This Little Underground: Obliterati reunion at Will’s Pub
This Little Underground is Orlando Weekly’s music column providing perspective, live reviews and news on the city’s music scene. Read the latest column here.
After this many years on the beat, I’ve learned is that our city’s music history is deeper than the knowledge of even its most informed followers and that discovery can happen backward as well as forward. I was around when Obliterati was active in the late ‘90s, but I was young and into other things and other alleys of the local underground scene. But as a reanimated piece of Orlando history with their first show in 15 years, the buzz surrounding their reunion (Aug. 17, Will’s Pub) registered pretty big on the local Richter scale.
Between insider intel and the things drummer Nadeem Khan told me (that they played and recorded with the Silver Apples’ Simeon as well as released on his label), Obliterati is clearly a pretty big deal in Orlando’s art-rock canon. But that basic and vague idea was really the only thing I knew of them walking in. And from most accounts both written and verbal, live was really supposed to be where their truth was, so that’s where I went to meet it.
This seven-piece avant-garde motion machine gives no detectable shit about abiding any convenient stylistic boxes.
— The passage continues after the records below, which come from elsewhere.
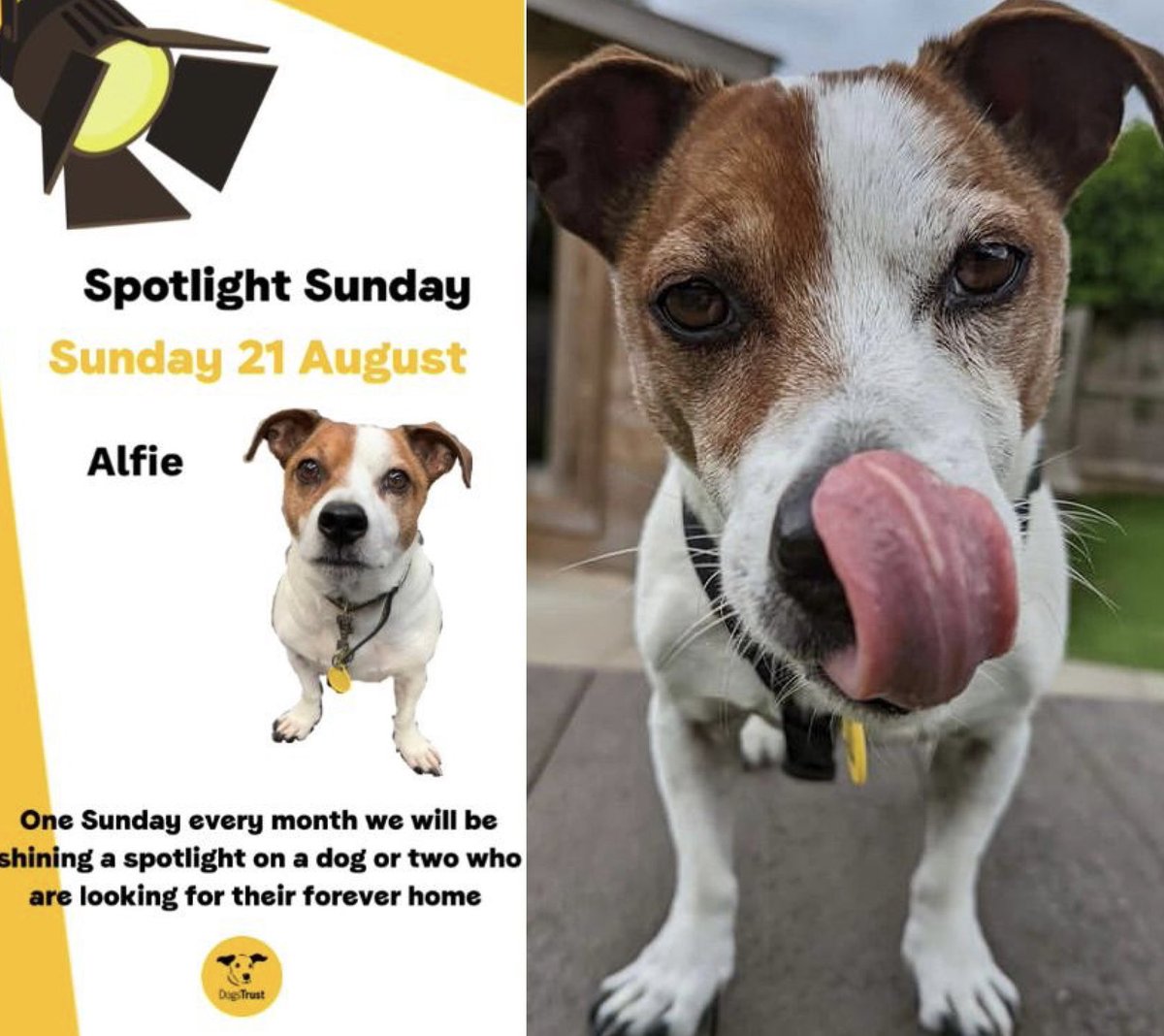 DT_WestCalder's tweet photo. Our #SpotlightSunday Star Alfie would like to wish everyone a happy weekend 💛🌟

Alfie is still on the hunt for his forever home 🏡❤️

Find out more about him on our website 💻😊

@dogstrust #adoptdontshop #JackRussellTerrier #JRT #spotlightsunday https://t.co/sUvh7E3PVD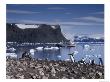Photographer, Cruise Ship And Adelie Penguins, Antarctica by Howie Garber Limited Edition Print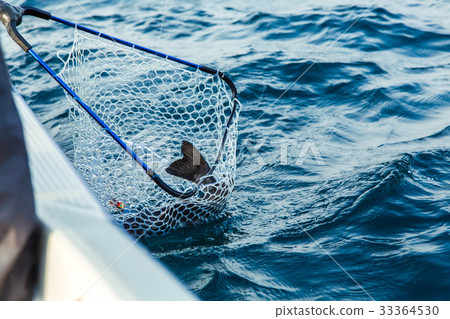 希諾斯釣魚 33364530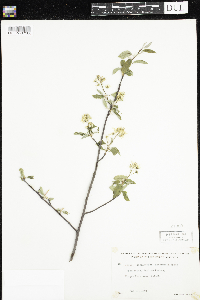 Amelanchier arborea x canadensis image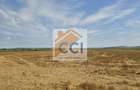 Teren intravilan 50.000 mp, Bacau, ?oseaua Hol - 8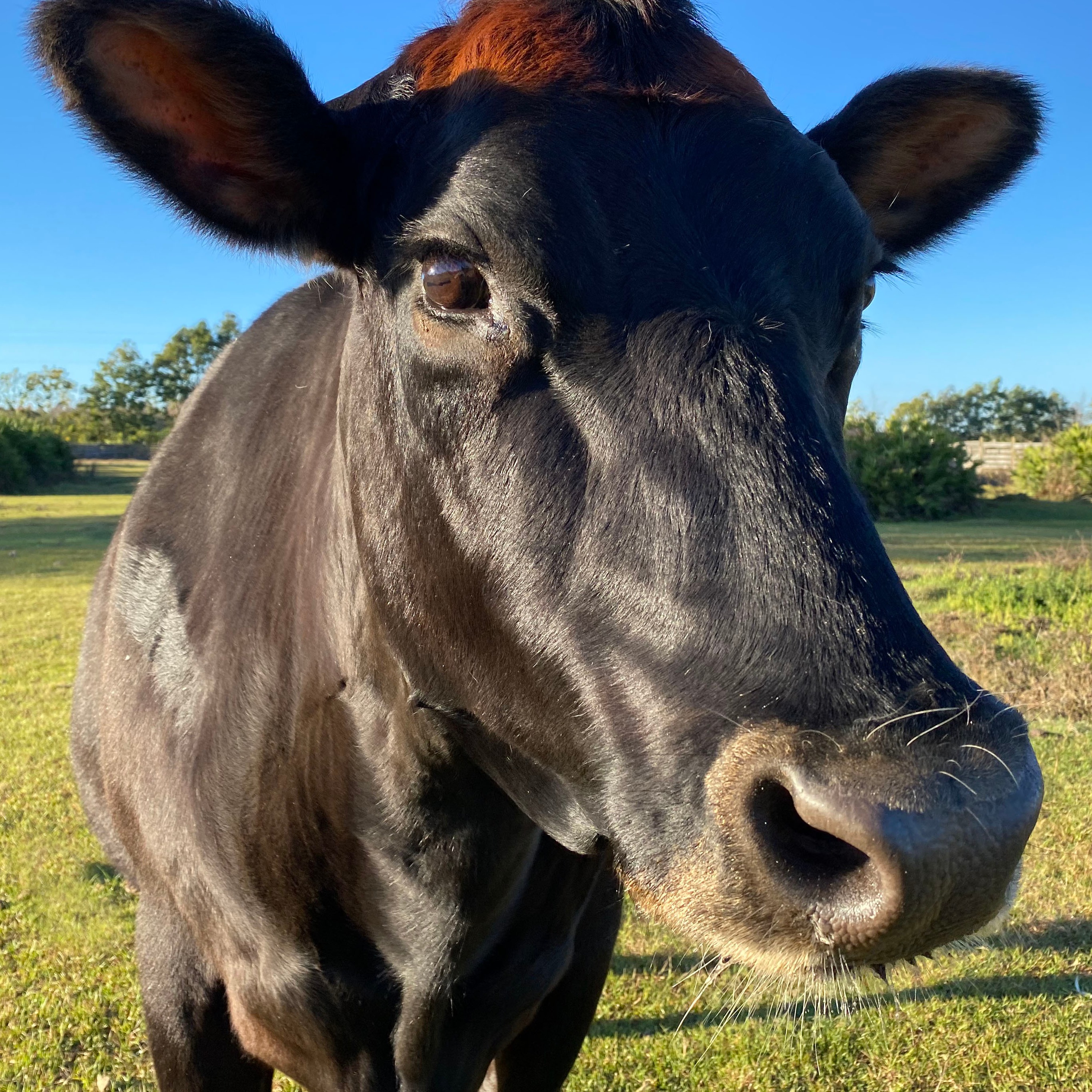 Photo 9 from Florida Rescue Farm Inc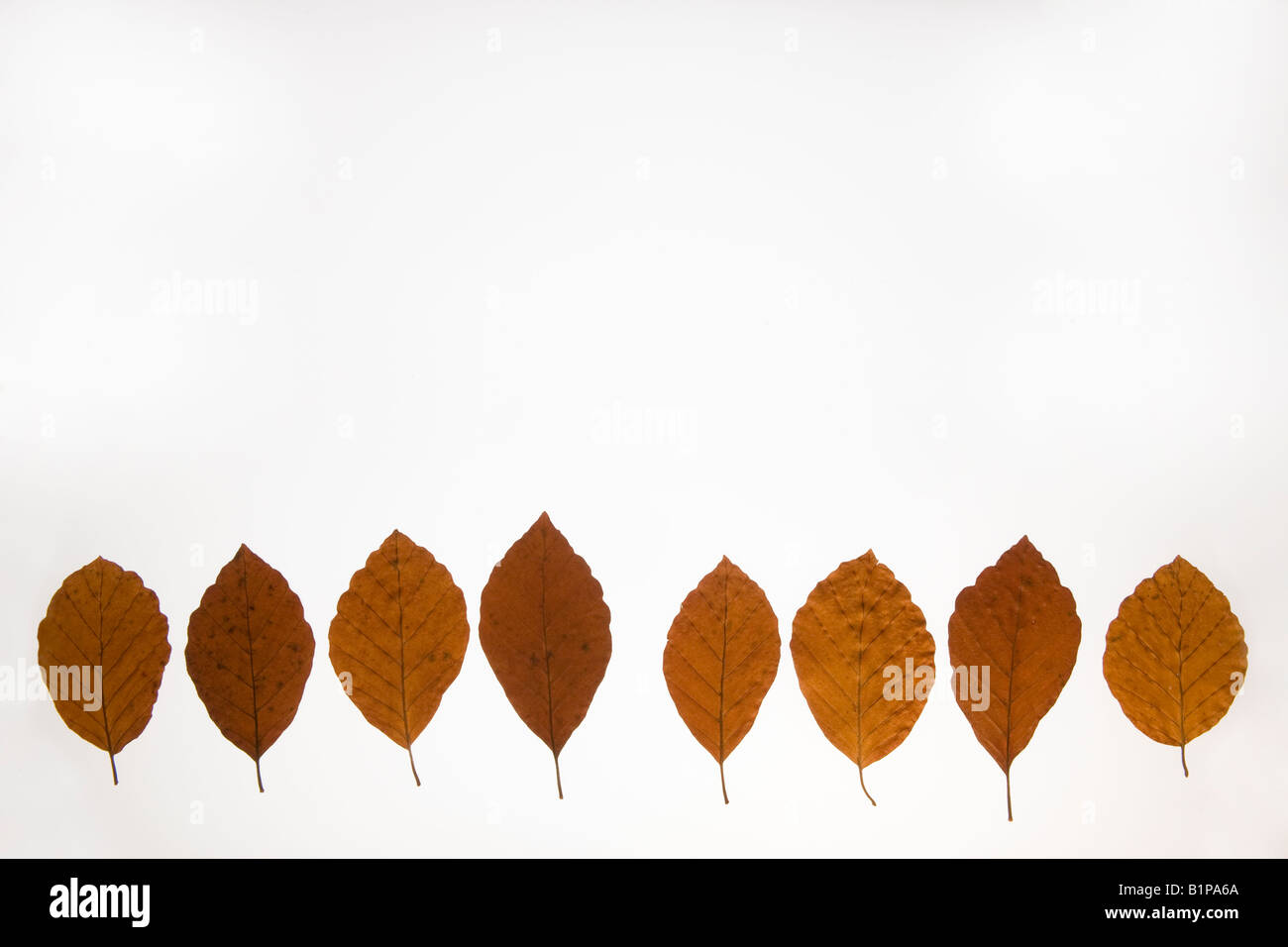 Beech leaves Fagus sylvatica autumnal abstract UK Stock Photo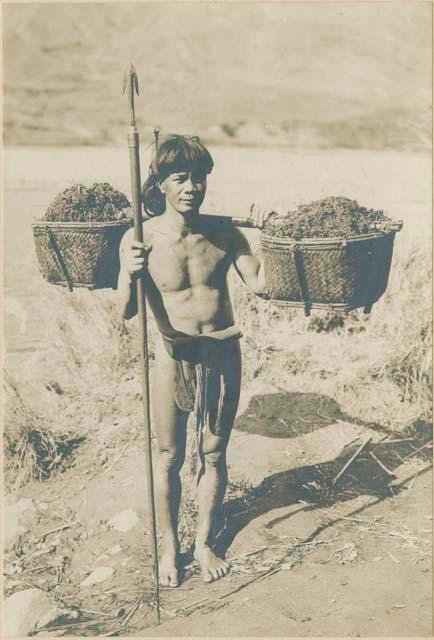 Igorot man carrying baskets of manure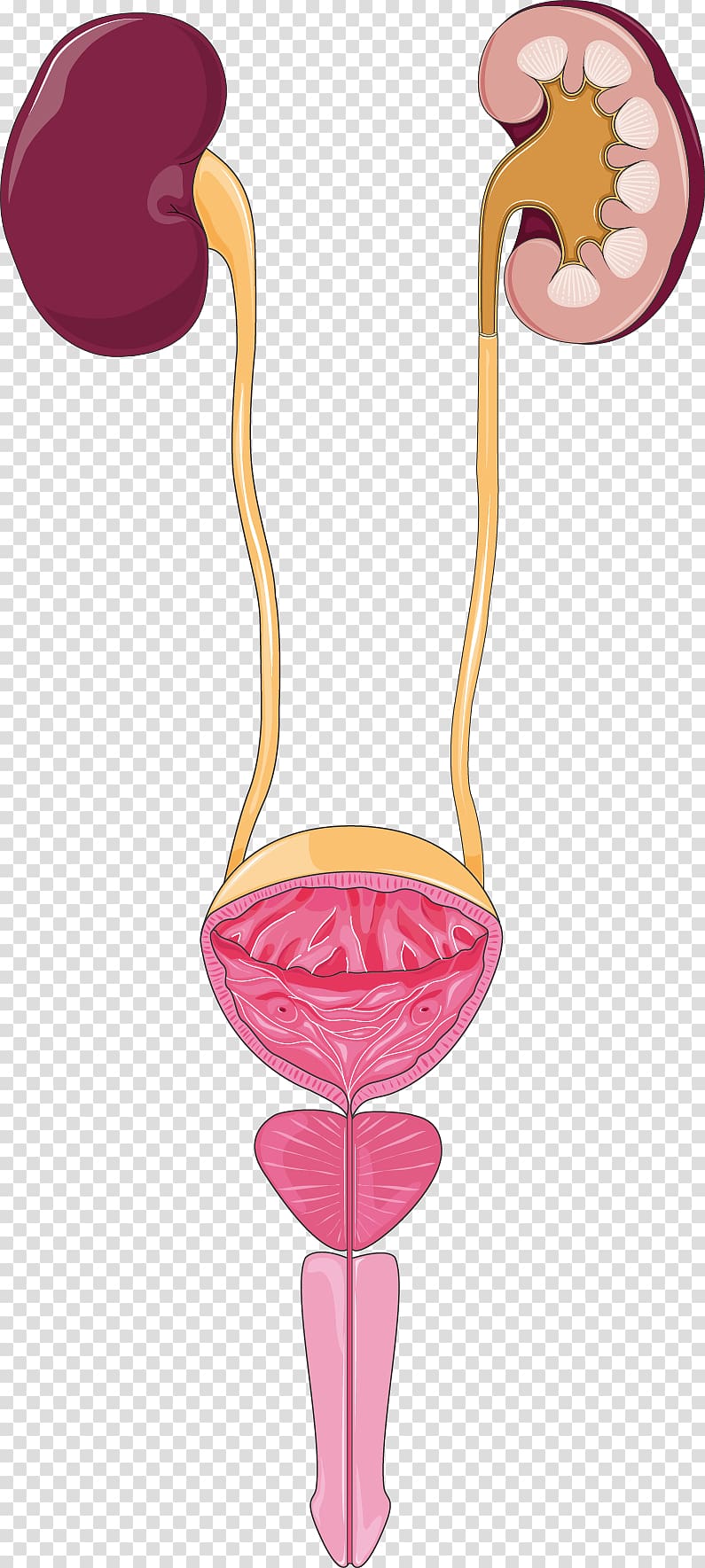 Excretory system Urine Urinary tract infection Kidney, others transparent background PNG clipart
With a rock arrangement edged by keys, strings and sax, their sound is stitched with wild hairs of free jazz, freak gypsy and other strands that, on paper, seem disparate. But with the anchoring pulse of a reliable groove, the unifying force is the urge to move. At its core, this is free dance music that’s organic, pre-electronic and left-field. And it was delivered with lots of energy. I don’t know what Obliterati sounded like back in the day, but they sounded good this night. Music has moved a good ways since they hung it up, but their spirit of experimentation endures.
Opening was Billy Taylor’s Horses on the Moon, a one-man project by a former member of experimental Athens group Melted Men. As highly conceptual work, noise projects are often interesting but not always intelligible. This was that rare beast that was both. Employing tape players, gadgets and novel trickery using simple electronic devices but no computers, his performance was very active and live. The only thing up there that was smart was the artist. And for the ears, the most important thing about his performance was what it wasn’t: an unpunctuated racket. Instead, it was primitive, post-apocalyptic rhythm music with an absurdist sense of humor.
They’re not frequent but I love that these history-lesson events happen in this city. Even better, I love that they happen in different and interesting genres as well. Collectively, they show the depth of Orlando’s heritage and reveal the longevity of our creative spirit (something that will surprise many of you). Tune in and they connect our past, current and future. I just wish there was more interest from the younger classes. It would make our scene deeper and more continuous.